Cronaca cinematografica della capitale – Dicembre 1923

Cinema Capranica Roma

La stagione invernale non poteva avere una inaugurazione più brillante. Quasi contemporaneamente nei principali locali di prima visione sono stati programmati tre grandiosi films americani, venuti in Italia preceduti dall’eco del successo riportato nel paese d’origine e nelle altre nazioni europee. Voglio dire Femmine folli, The Kid e Robin Hood. Li nomino non già secondo una mia arbitraria valutazione, bensì nell’ordine nel quale essi ci sono apparsi sullo schermo rispettivamente del Capranica, dell’Imperiale e del Corso. Del resto i tre films appartengono a tre generi diversi, che malagevole, se non impossibile ed incompleto, ne riuscirebbe il confronto. E poi a qual pro? Non è sempre vero che i confronti sono odiosi?

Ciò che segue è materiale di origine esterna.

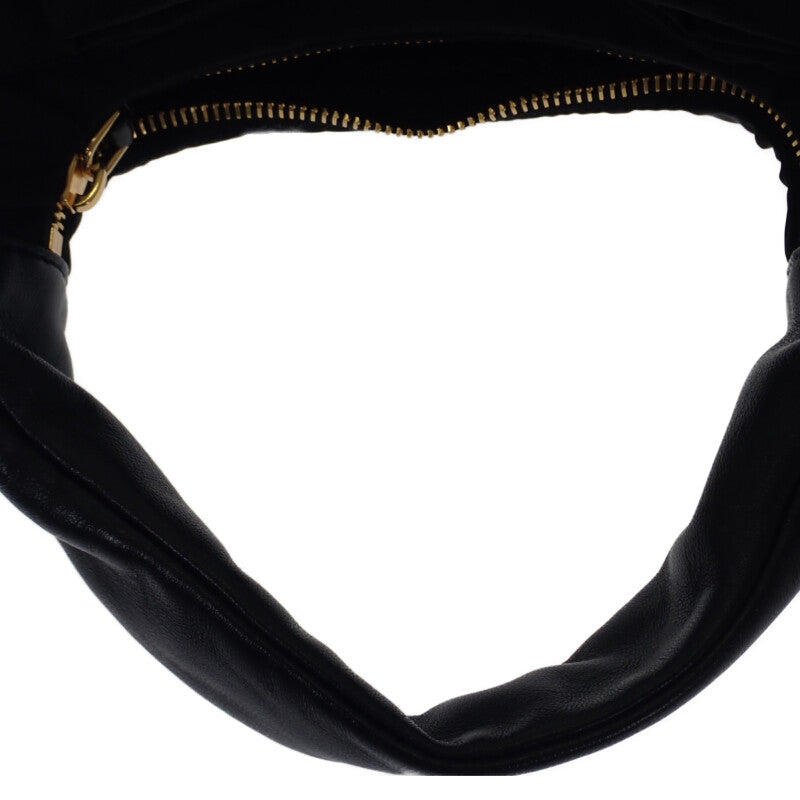 プラダ PRADA リボン ミニ 1BC241_RP0C_F0002_V_OXO 2WAYバッグ レザー ナイロン ブラック ゴールド金具 レディース【中古】【Aランク】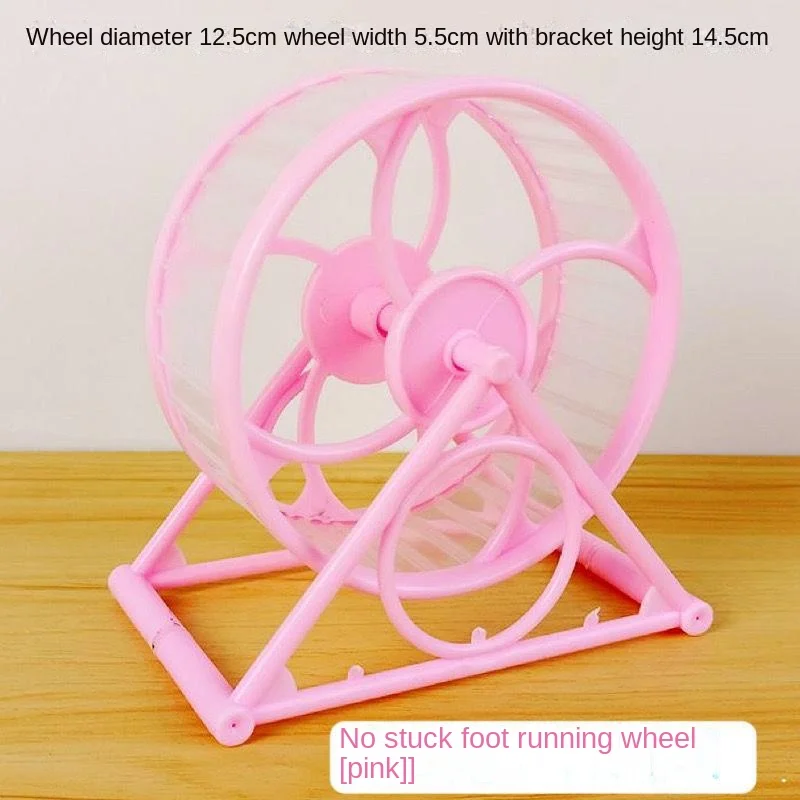 Silent Hamster Wheel Exercise Runner - Noiseless 25dB Spinning Wheel with Stand & Non-Slip Surface for Dwarf Hamsters/Guinea Pig - Image 2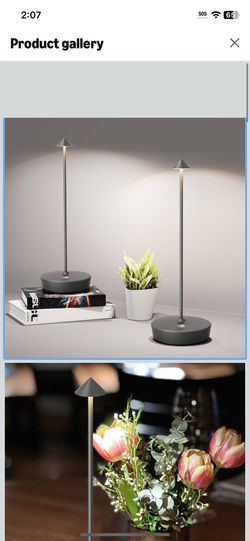Cordless Table Lamps Rechargeable, 6000mAh Battery Operated LED Desk Lamp Outdoor Waterproof Portable Touch Dimmable Table Light for Patio Restaurant 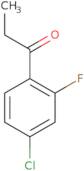 1-(4-Chloro-2-fluorophenyl)propan-1-one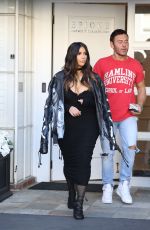 KIM KARDASHIAN Arrives at Epione in Beverly Hill 03/17/2016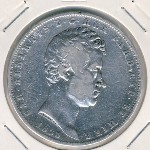 Италия, 5 лир (1838 г.)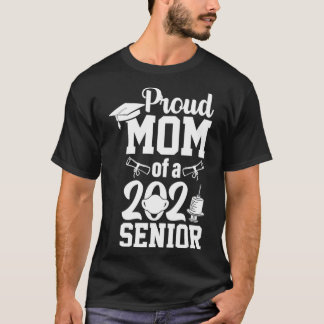 Stolze Mama eines Abschlusses der Hochschule 2021 T-Shirt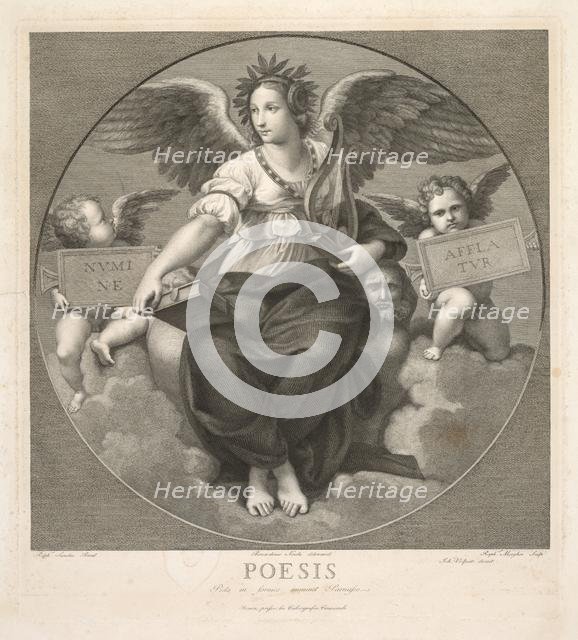 Poesis. Creator: Raffaello Morghen (Italian, 1761-1833).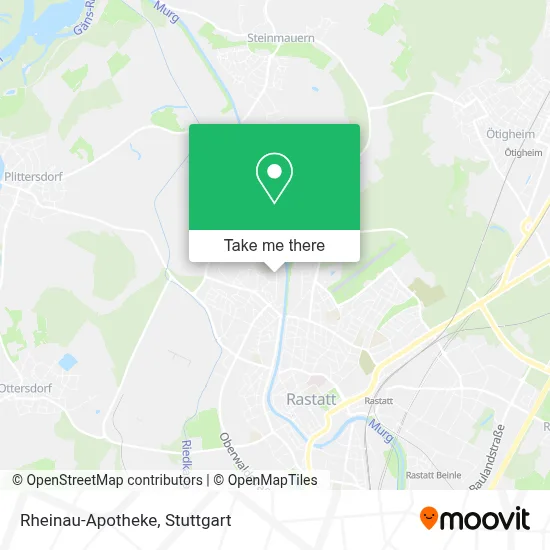Rheinau-Apotheke map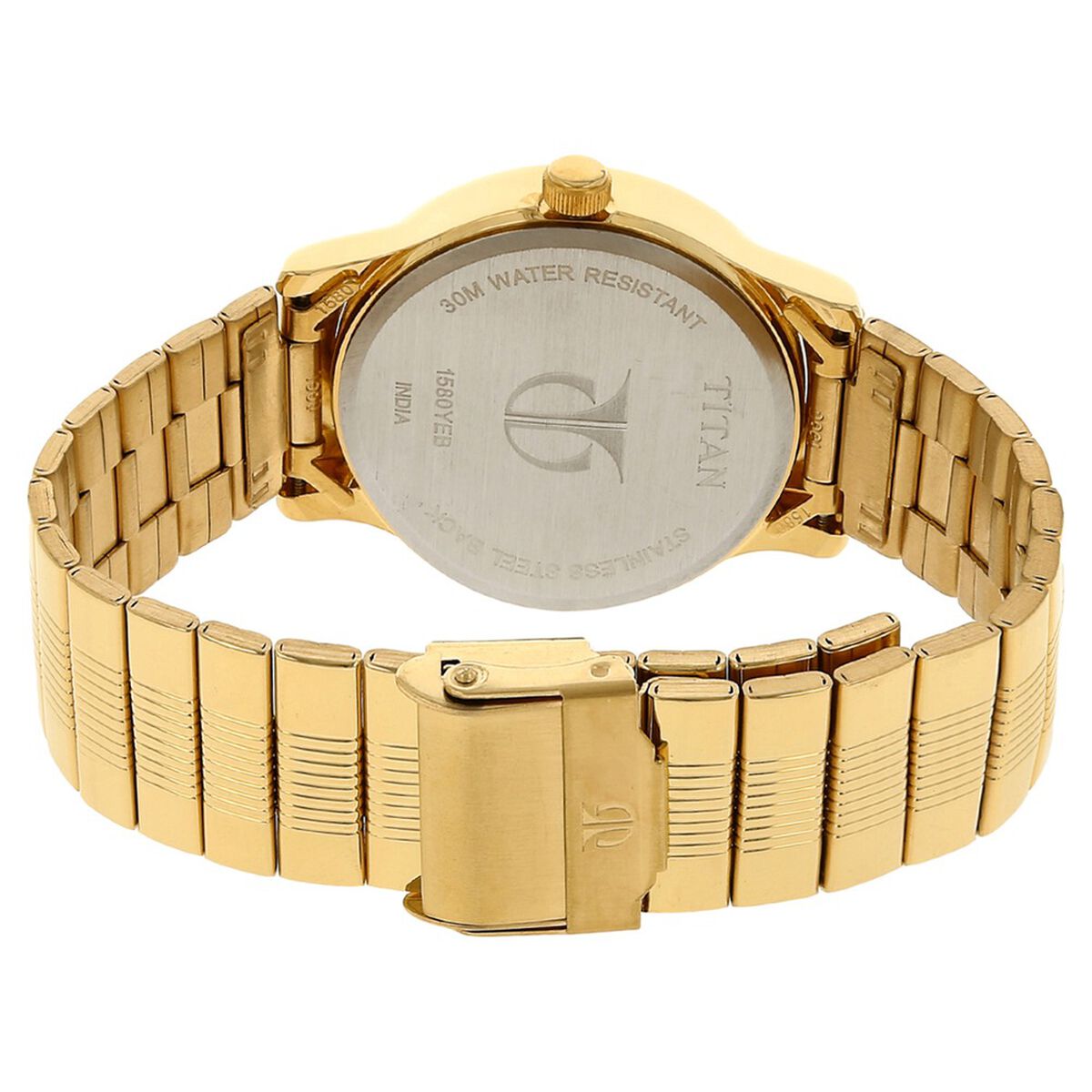 Titan Analog with Day and Date Champagne Dial Metal Strap watch for Men 4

Non svelerò segreti, ma dirò che gli incassi sono stati rilevanti e che taluno dei Cinema ha raggiunto la maggior somma di introiti che un film in esso proiettato abbia dato finora.

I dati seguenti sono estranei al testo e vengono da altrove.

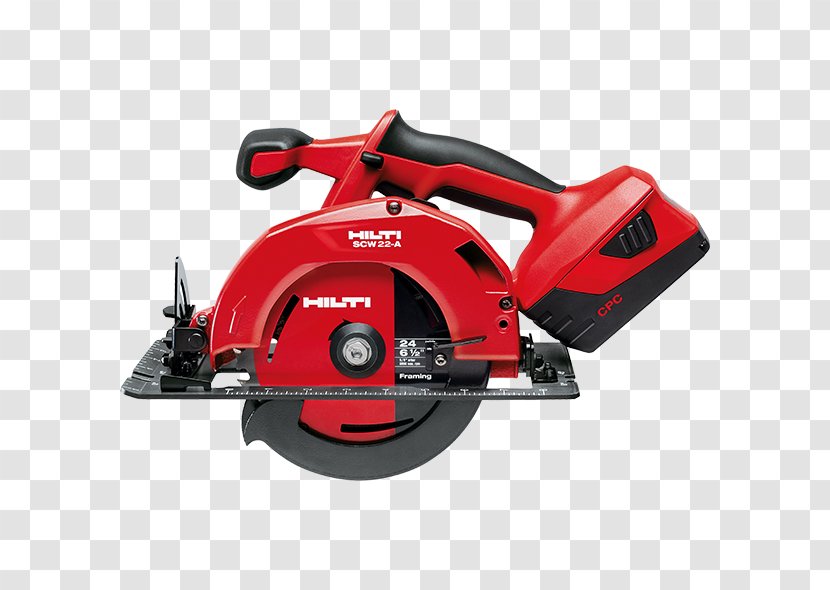 Circular Saw Cordless Hilti Tool - Wood Transparent PNG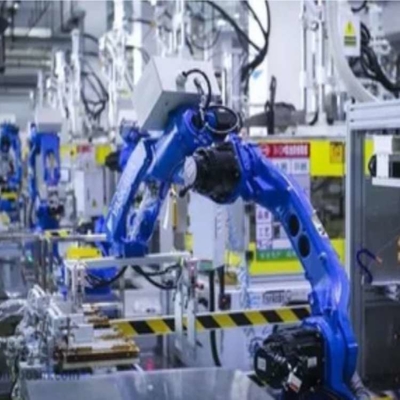 6 Eksenli Evrensel Robotik Kol Yaskawa GP110 CNGBS Robot Tutmacı ile Palet İşleme Robotu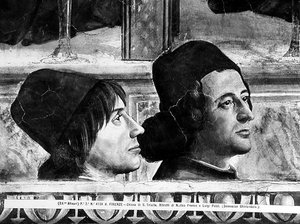 Portrety Matteo Franco i Luigi Pulci (1432-84) z cyklu życia św. Franciszka, ok.1483 (patrz 52661)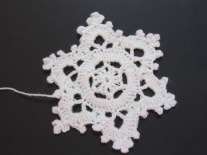 Crochet Snowflake by Ena Green designs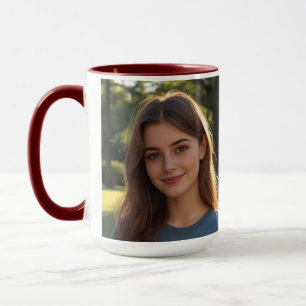 Customized with two photos mug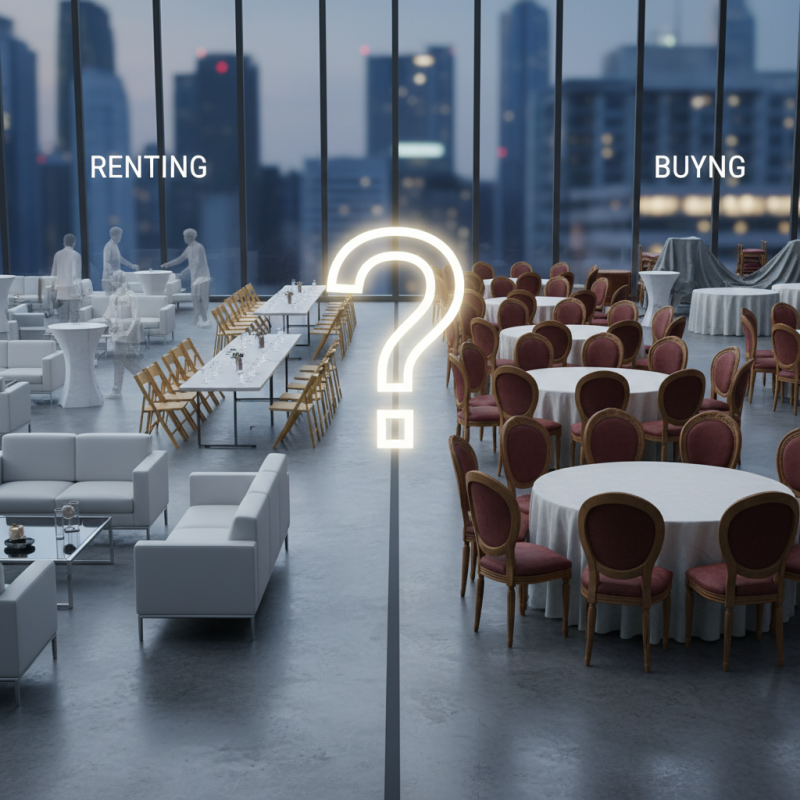 Is It Cheaper to Rent or Buy Event Furniture for Your Venue?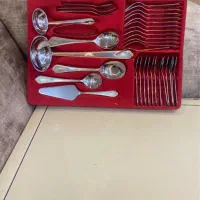 قاشق چنگال ۱۲ نفره استیل اصل آلمان۶ میلیون|ظروف سرو و پذیرایی|تهران, سازمان برنامه جنوبی|دیوار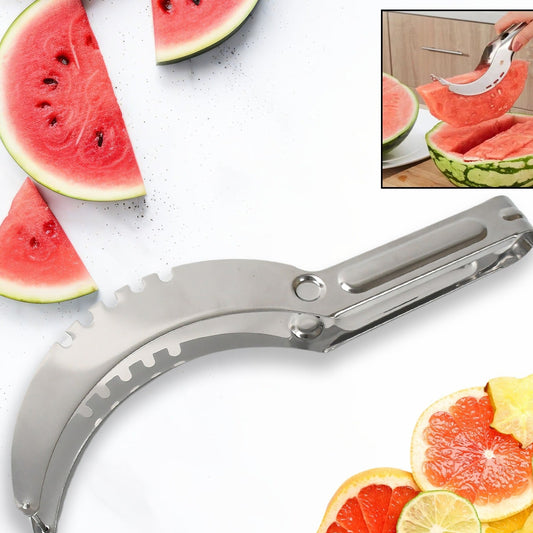 3-in-1 Stainless Steel Fruit Slicer & Corer for Watermelon & Melon (1 Pc) - Happy Price - Image 1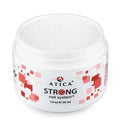 Atica STRONG Gel Pure White Shimmer 30ml – milky white builder gel with a soft shimmer finish.

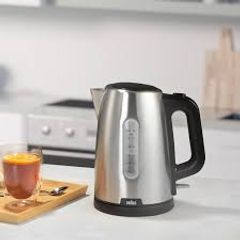 Ấm siêu tốc Braun WK1500BK - Bình đun nước 1.7L 2200W - Đun sôi nhanh chỉ trong 45 giây với chức năng an toàn thông minh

Auguri e… buon proseguimento. Attenti però col non abusare nell’elevare troppo il prezzo di ingresso dei biglietti, che se il pubblico è disposto una volta tanto a pagare qualche lira in più per vedere un ottimo film, un film eccezionale, protesterà disertando le sale  qualora l’attesa restasse in tutto od anche in parte delusa. Il pericolo di tale genere di sciopero sarà meno difficile se, come sembra, i teatri ridurranno i loro prezzi per risolvere appunto la « crisi del teatro ».

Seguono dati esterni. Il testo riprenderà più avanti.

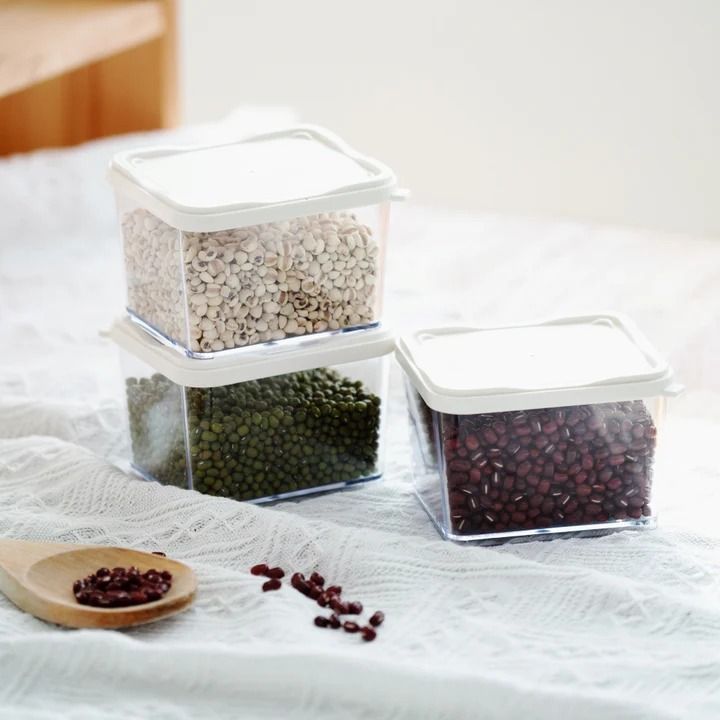 【韓國silicook】直立加高冰箱收納盒400ml(3入)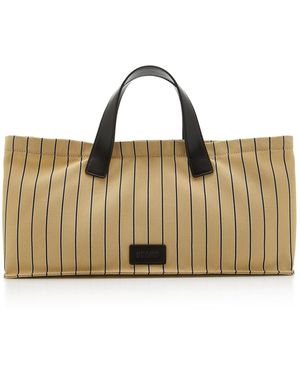 STAUD Port Striped Tote Bag - Natural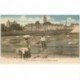 carte postale ancienne 85 NOIRMOUTIER. Les Marais Salants. Paludiers sel et Mulons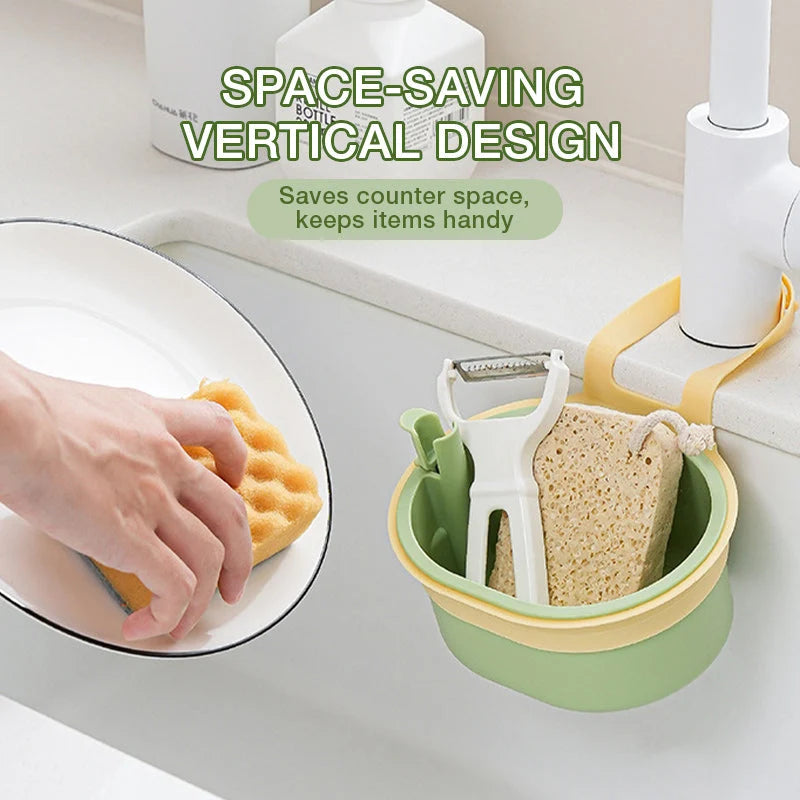 Hanging Sink Strainer | Fine Stainless Steel Mesh & Lock-Release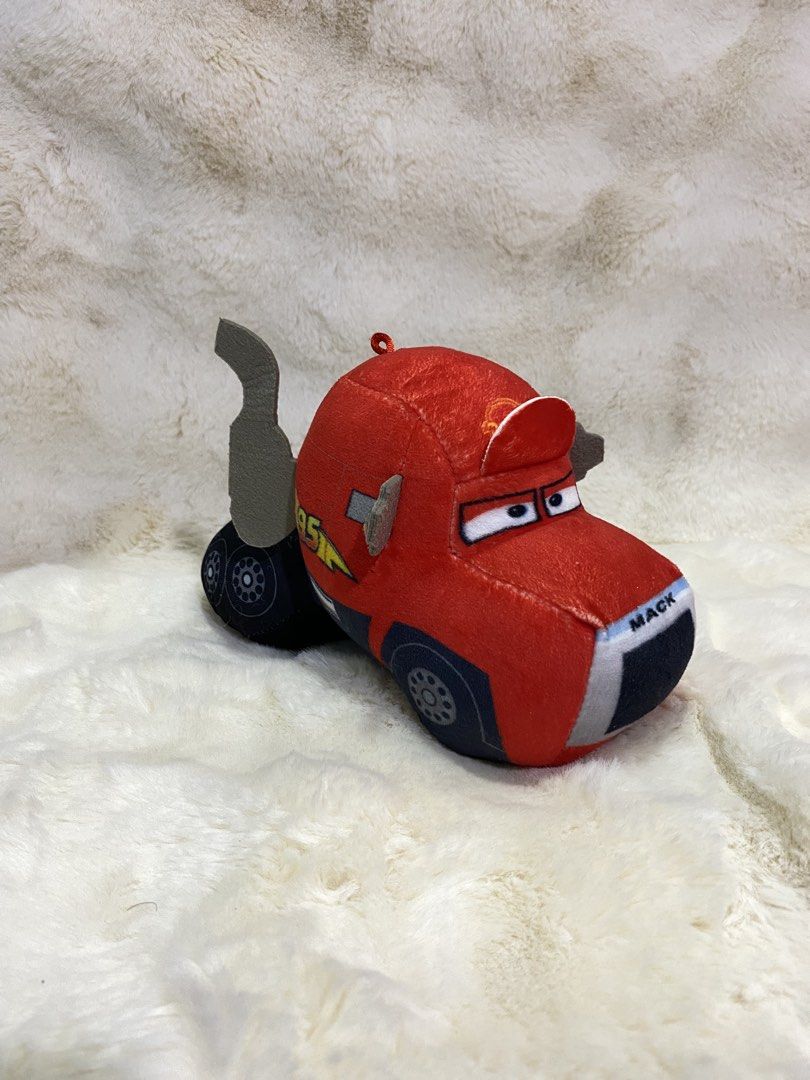 Cars’ Mack plush (Category: Plushies & Soft Toys) located in Kalibo. Submitted by ollie_stuffshop (Listing ID 1466804773, Image 1). Description: Length: 21.5cm, Width: 10cm Before you send your inquiries: ❗️Last Price is already posted ❗️Manage your expectations, WYSIWYG ❗️May need washing ❗️Dropoff is every Wednesday & Sunday.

Oltre quello degli incassi è stato battuto il record della durata della prima visione. Robin Hood ha primato con 21 giorni, Femmine folli è durato 16 giorni al Capranica e subito dopo altri 10 giorni al Moderno. Il Kid è rimasto all’Imperiale 15 giorni ed è annunciato in seconda visione al Quattro Fontane. Robin Hood, invece, si riposa per tornare prossimamente al Volturno.

Al Capranica dopo Femmine folli siamo entrati… Nell’anticamera del matrimonio. Guardatevi bene, confratelli scapoli, di… restare sulla soglia. Scherzi a parte, il film è piaciuto anche se la réclame sia stata eccessiva all’importanza di esso.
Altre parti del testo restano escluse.